Conformément au principe de la hiérarchie des normes, les différentes lois, règlements et décisions de justice doivent être conformes au Statut d’autonomie de la Région Autonome du Sahara et à la loi fondamentale du Maroc. Cette dernière garantie aux populations de la Région les protections en matière de droits de l’homme selon les standards universels.

3.   Le pouvoir judiciaire

Le parlement régional de la Région Autonome du Sahara peut créer des juridictions pour connaître des différends issus de l’application des règles mises en place par les institutions régionales. A l’échelle de la Région, la juridiction supérieure porte le nom de Tribunal Régional Supérieur. Ce dernier statue, en dernier ressort, à l’échelle régionale, sur l’interprétation de la loi régionale, sans préjudice cependant des recours à la Cour Suprême et au Conseil Constitutionnel du Royaume.

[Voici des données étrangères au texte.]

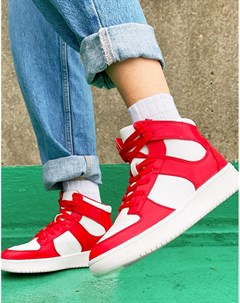 Ярко красные баскетбольные кроссовки из веган материалов с высоким верхом Monki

4.  Le conseil économique et social

La Région Autonome du Sahara disposerait d’un Conseil économique et social ou siègeraient des représentants des secteurs économiques, sociaux, professionnels et associatifs, outre des personnalités hautement qualifiées.

III. La mise en œuvre de la Région Autonome du Sahara

Pour la mise en œuvre de la Région Autonome du Sahara, tout un processus est prévu qui va de la négociation jusqu’à la mise en œuvre effective de l’autonomie, en passant par l’autodétermination des populations concernées.

1.  La négociation

L’initiative marocaine a le mérite d’être un projet de texte clair, simple et précis. Néanmoins, il ne s’agit nullement là d’un projet qui se veut unilatéral. Les choix du Maroc quant à la gestion du dossier du Sahara sont participatifs, ils n’excluent personne. Or, déjà, le Polisario annonce qu’il refuse toute discussion si les membres du CORCAS devraient être présents aux négociations. Et si c’était les membres de ce dernier qui recevaient pouvoir de négociation ? Les conditions avancées par le Polisario semblent plus des prétextes, une fuite en avant, plutôt que des raisons valables et défendables. Les différentes parties sont appelées à discuter et à négocier, la proposition marocaine, sans conditions préalables aucunes, en toute bonne foi, et en toute transparence devant la communauté internationale.

Le Maroc revendique une attitude pro active, constructive, progressiste et positive basée sur la sagesse et la consécration effective des grands principes du droit international public, en l’occurrence le droit des peuples à la libre et authentique autodétermination.

2.  La libre consultation référendaire

Une fois l’accord de principe fait, entre l’ensemble des parties concernées, quant au contenu du texte portant projet de statut d’autonomie pour le Sahara, le projet serait soumis à une libre consultation populaire, par voie de référendum. Les populations concernées pourront ainsi exercer leur droit à la libre et authentique autodétermination.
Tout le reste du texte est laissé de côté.